Earth Planets Space, Vol. 58 (No. 4), pp. 397-407, 2006
S. Maus1, H.Lühr1, and M. Purucker2
1GeoForschungsZentrum, 14473 Potsdam, Germany
2Raytheon ITSS at Geodynamics Branch, GSFC/NASA Greenbelt, MD 20771, USA
(Received January 15, 2005; Revised June 3, 2005; Accepted June 27, 2005; Online published April 14, 2006)
A primary objective of the Swarm constellation mission is to resolve the lithospheric magnetic field with the best achievable accuracy in order to bridge the spectral gap between satellite and airborne/marine magnetic sur-veys.
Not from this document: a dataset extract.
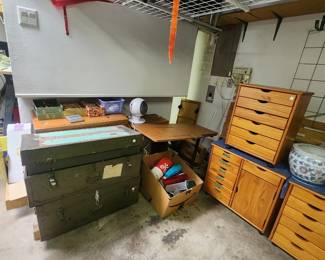 Large Estate • Three Full Days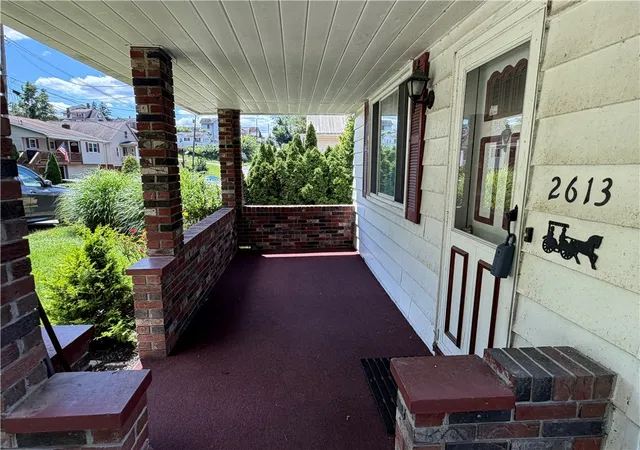 Photo 3 of Single family home for sale at 2613 Portland St, Hempfield Twp, PA 15634 | MLS# 1770398 | Listing updated on 2026-09-16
In a series of end-to-end simulations, the possibilities of high degree field recovery were investigated. The proposed constellation consists of a higher and a lower pair of satellites. It was soon found that a constellation as such does not yet guarantee improved high degree field recovery. Of crucial importance is the orbit constellation of the lower pair of satellites. If the lower satellites follow each other, as investigated in Constellation 1, the gain of a constellation turns out to be marginal, compared to a single satellite. For Constellation 2, the lower satellites were separated in the E/W direction. In this setup, one can use the instantaneous E/W magnetic field gradient between the satellites, as well as the N/S along track gradients. Incorporating this vector gradient information results in significantly improved field resolution. Indeed, the final simulation suggests that the envisaged Swarm constellation will enable the recovery of the lithospheric field to beyond spherical harmonic degree 130.
Key words: Geomagnetic field, magnetic field modeling, crustal magnetic field.